By Dave Workman
Editor-in-Chief
In the aftermath of an election which saw former President Donald Trump returned to the White House after a four-year absence, and Democrat state Attorney General Bob Ferguson win the race as Washington state’s next governor, an important question has arisen.
Will Ferguson, who filed more than 90 lawsuits against Trump and his administration beginning with a challenge of the travel ban for people of Muslim heritage just 10 days after the 2017 inauguration, use his new office to resume what many saw as an obsessive battle against Trump?
Ferguson, a liberal gun control proponent who pushed repeatedly for state bans on so-called “assault weapons” and “large-capacity magazines,” may have answered that question on election night. As he declared victory, Ferguson, noting the potential for Trump’s re-election at that moment, told his audience, “I want to be very clear. There is nobody running for statewide office this year anywhere in the United States who is more prepared to defend your freedoms against that administration (Trump) than I am. And I am excited. I’m excited if that day was to come I will have the best partner to be the next attorney general, Nick Brown, to help me in that effort.”
Why would Ferguson, who was sued by the Second Amendment Foundation and founder Alan Gottlieb in 2023 for alleged civil rights violations, waste even a thought on fighting Trump when, as governor, he will have his hands full dealing with state issues such as high gas and grocery costs, inflation, state highway and ferry fleet maintenance, education, taxes and other issues?
In October 2019, the Los Angeles Times did a profile on Ferguson, in which Jonathan Turley, the George Washington University constitutional law professor who appears often on Fox News, was quoted. He was talking about Democrat attorneys general who, at the time, seemed to be competing against one another to see how many lawsuits they could rack up against the Trump administration.
“There’s an exponential explosion of attorneys general lawsuits, and many of those lawsuits have failed,” Turley said at the time. “For Democratic attorneys general, lawsuits against Trump have become a badge of legitimacy.”
Ferguson has boasted about never losing against the gun lobby. According to SAF, that’s not exactly accurate.
Ferguson was on the losing side as a member of a coalition of 20 Democrat state attorneys general supporting a Minnesota ban on concealed carry by young adults when a three-judge panel of the 8th U.S. Circuit Court of Appeals ruled the ban unconstitutional. The case is known as Worth v. Jacobson.
According to SAF, Ferguson was also among 18 attorneys general “whose amicus brief to the Third U.S. Court of Appeals in a Second Amendment Foundation case challenging discriminatory gun laws in Pennsylvania was on the losing side in an attempt for an en banc rehearing before the court.” That case is known as Lara v. Evanchick.

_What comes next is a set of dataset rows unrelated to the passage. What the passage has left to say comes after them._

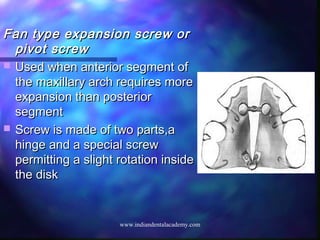 Fan type expansion screw orFan type expansion screw or
pivot screwpivot screw
 Used when anterior segment ofUsed when anterior segment of
the maxillary arch requires morethe maxillary arch requires more
expansion than posteriorexpansion than posterior
segmentsegment
 Screw is made of two parts,aScrew is made of two parts,a
hinge and a special screwhinge and a special screw
permitting a slight rotation insidepermitting a slight rotation inside
the diskthe disk
www.indiandentalacademy.com
 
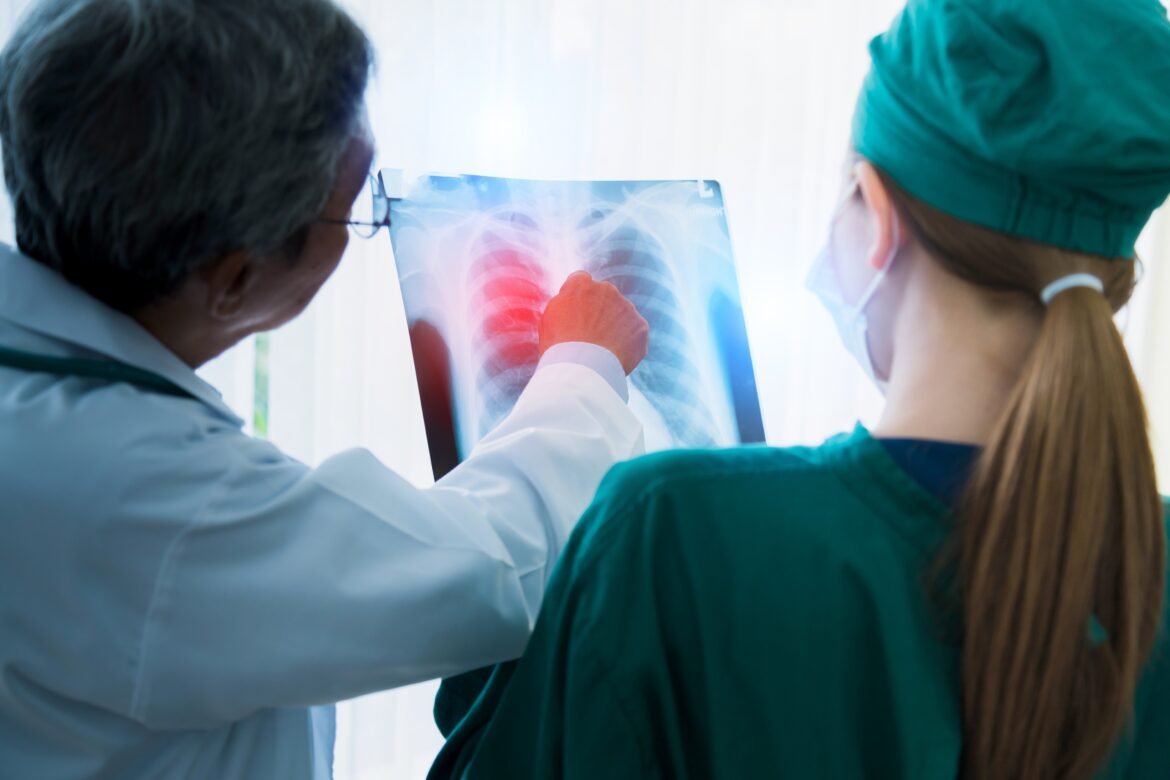 anvisa-aprova-novo-medicamento-para-cancer-de-pulmao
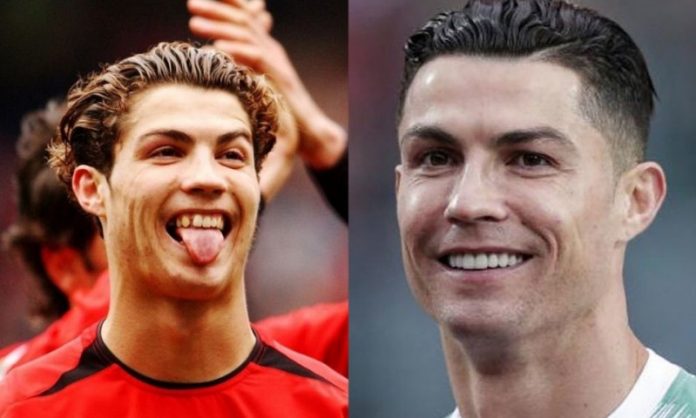 Cristiano Ronaldo; 13 Famosos que le deben su hermosa sonrisa al dentista
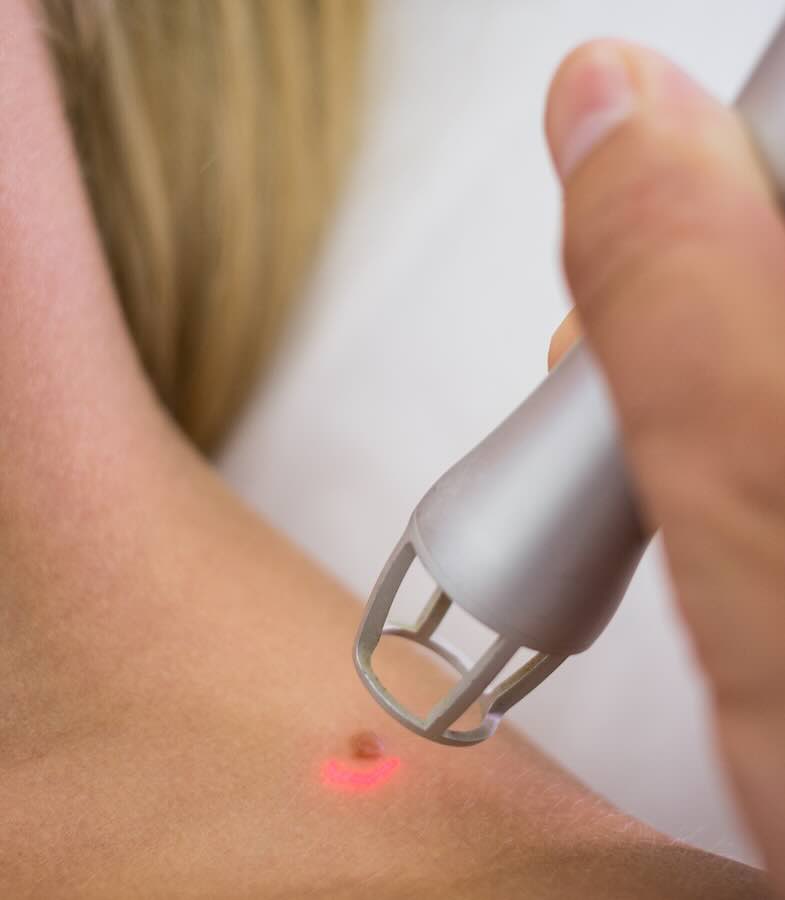 Dermatologist removing mole from womans shoulder with medical laser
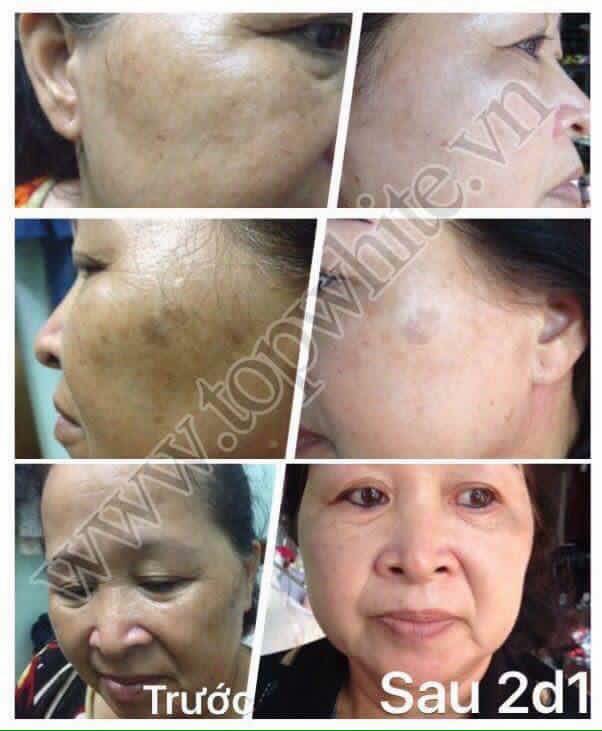 TOP WHITE WHITE PERFECT D2 : RECONDITION CREAM, RESTORE THE SKIN AT NIGHT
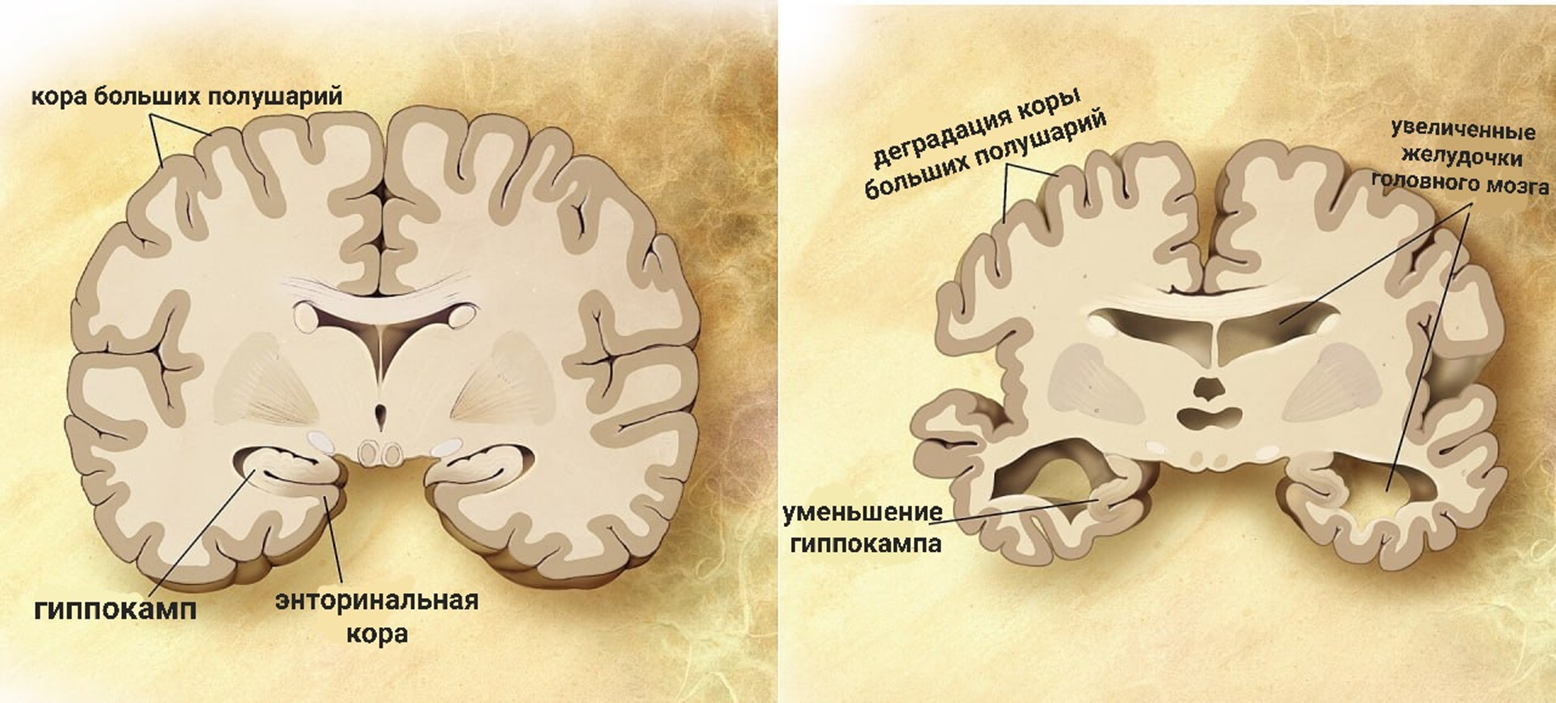 Мозг пожилого человека в норме (слева) и при болезни Альцгеймера (справа)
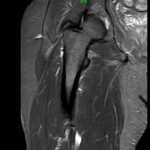 MRI HIP JOINT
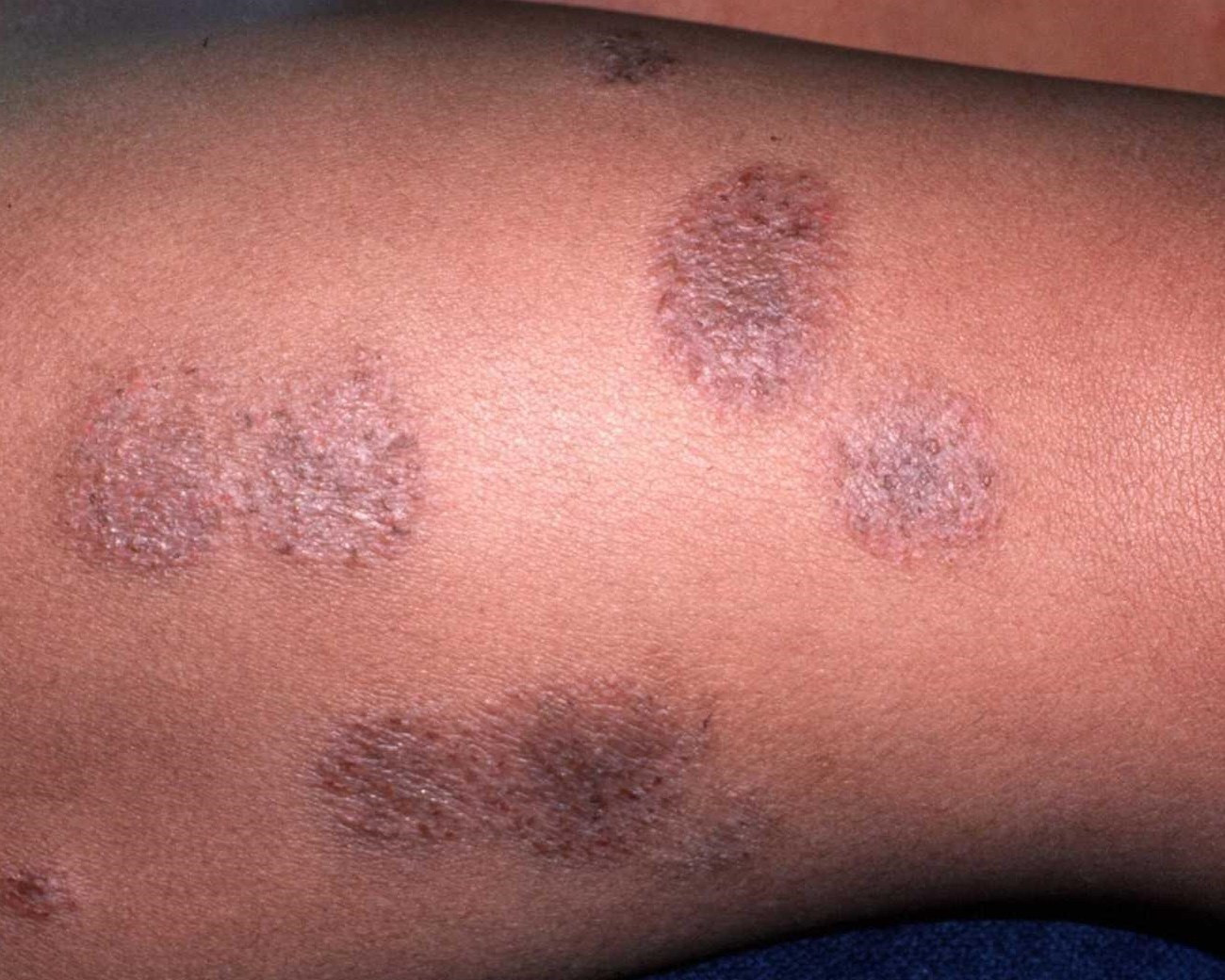 What causes eczema and how to treat it Pulse Nigeria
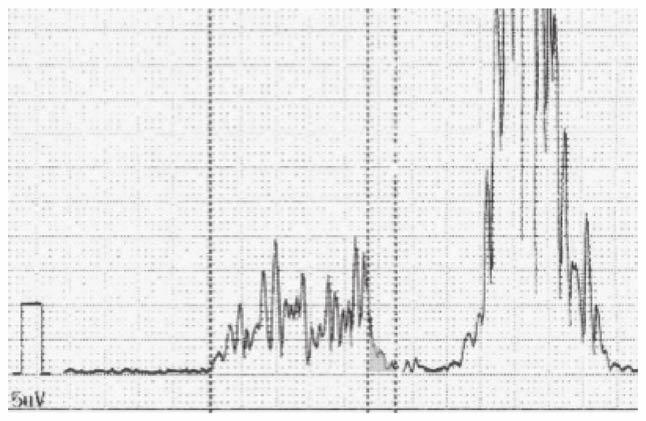 Prediction of AF Recurrence after PVI by P-SAECG 143 Fig. 1. Sample P-wave signal-averaged electrocardiogram P-SAECG trace.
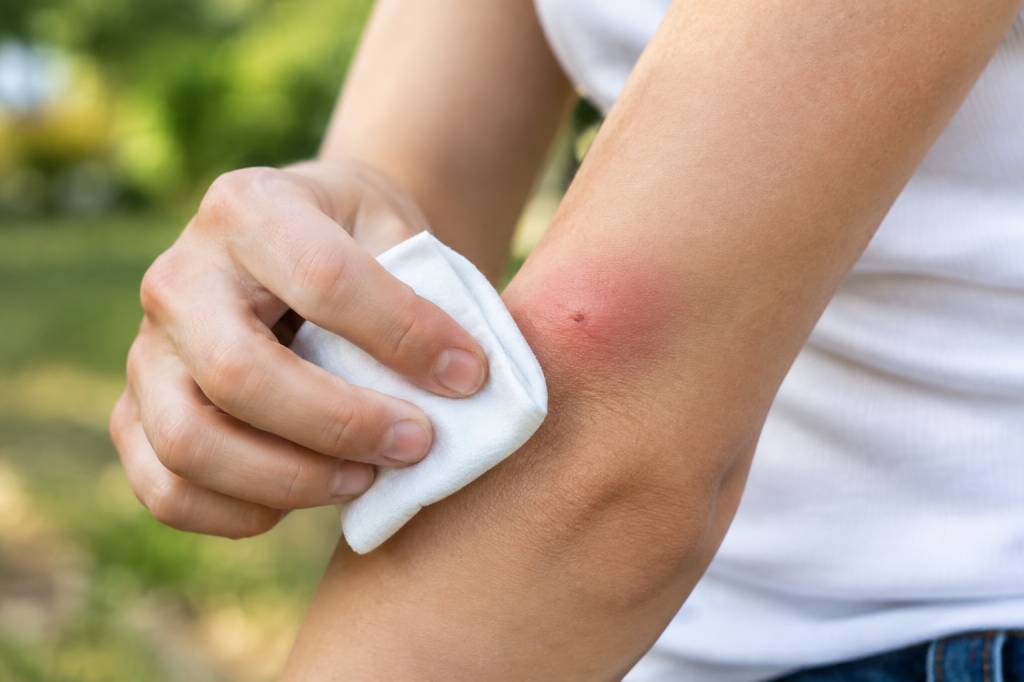 Démangeaison piqûre de guêpe : que faire pour la soulager rapidement ?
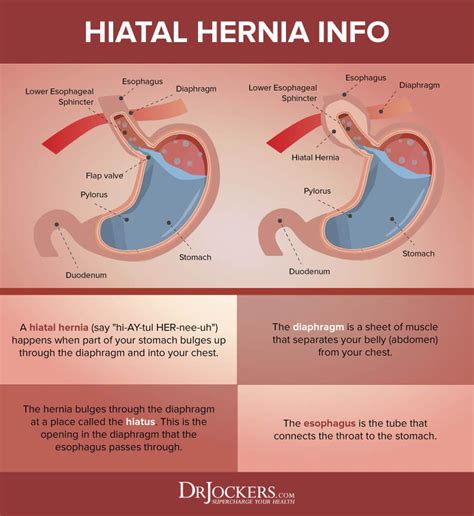 Hernia fluid? : r/Hernia - Reddit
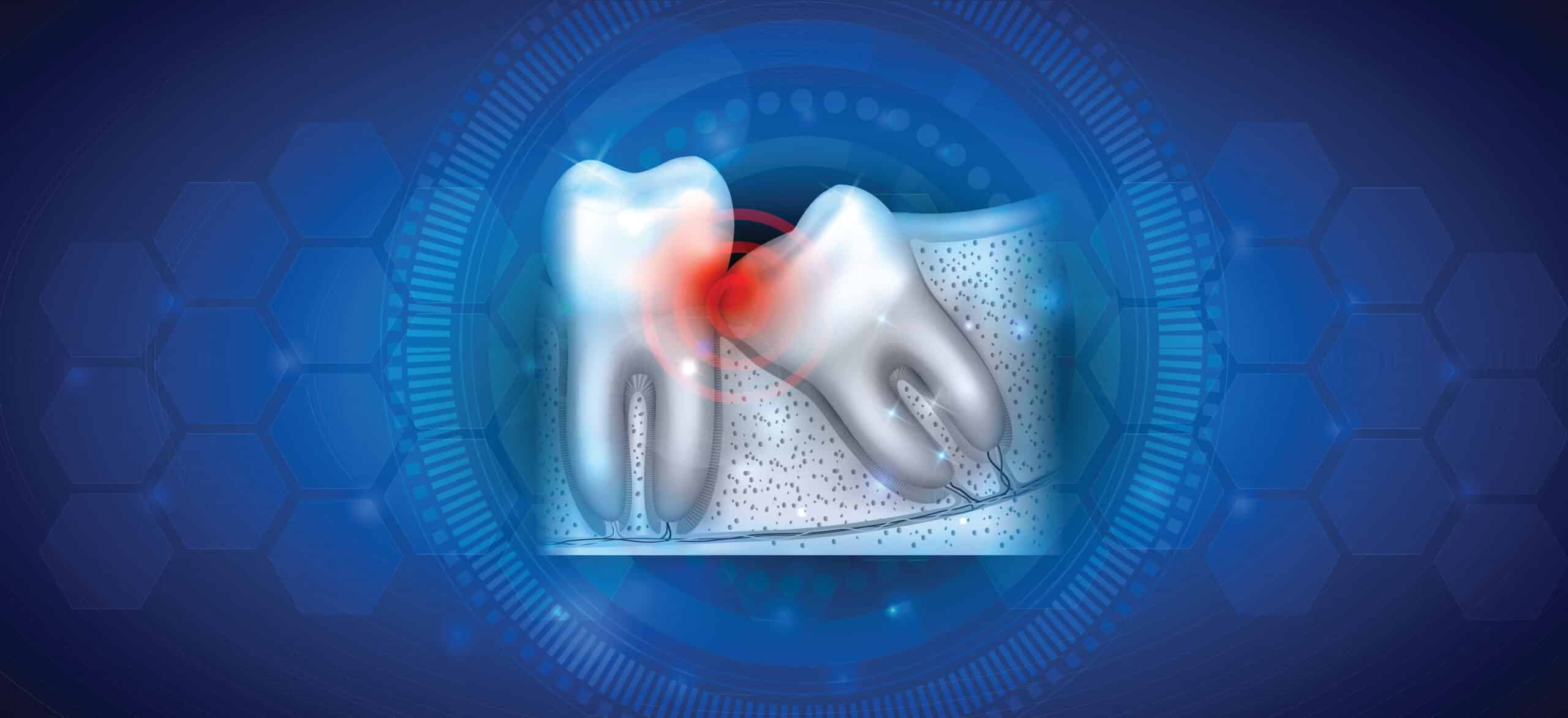 What is An Impacted Wisdom Tooth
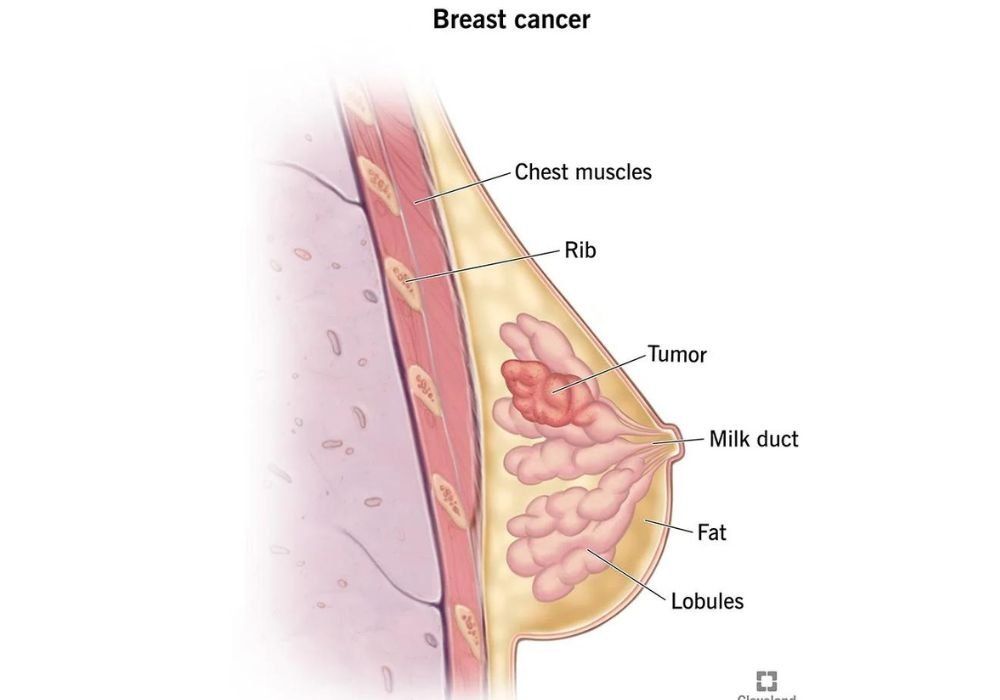 Breast Cancer Recovery 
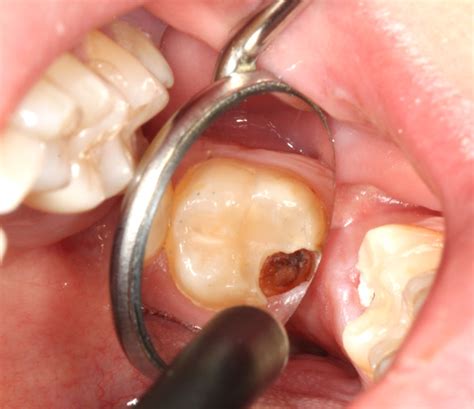 Karies (zahnfäule) ist ein prozess, bei dem sich die zahnhartsubstanz langsam abbaut und schließlich ein loch im zahn entsteht. Karies an dem letzten Zahn ganz hinten | Zahnnotizen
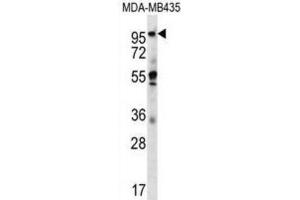 Western Blotting (WB) image for anti-Melanoma Inhibitory Activity Protein 2 (MIA2) antibody (ABIN2996927) (MIA2 anticorps)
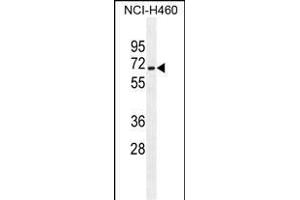 ZSCAN5B Antibody (C-term) (ABIN655366 and ABIN2844923) western blot analysis in NCI- cell line lysates (35 μg/lane). (ZSCAN5B Antikörper  (C-Term))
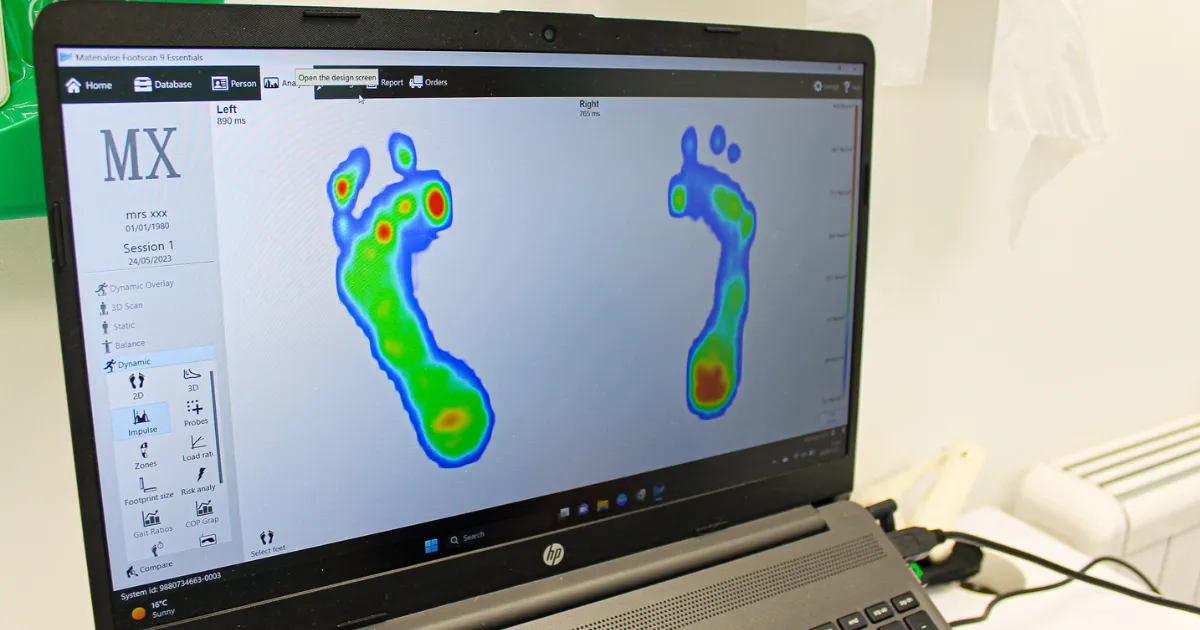 Diabetic Foot Care: How 3D Footscan Technology Prevents Complications | Kenilworth Footcare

And Ferguson was also among a coalition of 22 attorneys general signing an amicus brief supporting the Bureau of Alcohol, Tobacco, Firearms and Explosives’ ban on bump stocks, which the U.S. Supreme Court ruled was unconstitutional. That coalition was led by California Attorney General Rob Bonta. Interestingly, this case determined whether the ATF had exceeded its authority in banning bump stocks, not whether they are protected by the Second Amendment. The case was known as Garland v. Cargill.
Democrats despise Trump, and went into what has been described as a “meltdown” in the wake of his victory.
New York Sen. Charles Schumer, a perennial anti-gunner who has frequently vowed to go around Republicans on various issues as Senate Majority Leader, is suddenly singing a different song now that the GOP will take over in January. According to The Hill, he “urged his GOP colleagues to embrace bipartisanship next year to get things done.”
But what action will come against the new Trump administration that may seem like 2017 all over again?
Writing at the National Review, Mark Antonio Wright is encouraging President Joe Biden to pardon Trump “of all pending federal charges, and relieve special counsel Jack Smith of his duties. He should then ask New York governor Kathy Hochul to use her authority to pardon Trump for the crimes he was convicted of in New York State.”
“Wise or not,” Wright observes, “a majority of the public chose to reelect Donald Trump as the next president of the United States. He deserves to enter that term in January 2025 with the slate wiped clean of the controversies of the previous era.
“Joe Biden has not often spent his time in office acting much like a statesman,” Wright adds a few lines later. “But a pardon now of Donald Trump would be statesmanlike.”
It might also make a quietly-anticipated last-minute pardon of his son, Hunter, more palatable to the American public. Biden previously said he would not pardon his son, but some people suspect he will change his mind between now and Jan. 20, 2025.
The question facing Ferguson is whether he can also set aside his obsession with Trump to handle the affairs of Washington State.
Washington State Republican Party Chairman Jim Walsh was quoted by KNKX News observing, “You know, I think it will be a chance for Bob Ferguson to show he’s a bigger man than he’s been. And if he can’t do that, then I think Donald Trump and the conservatives will show that we’re the bigger men.”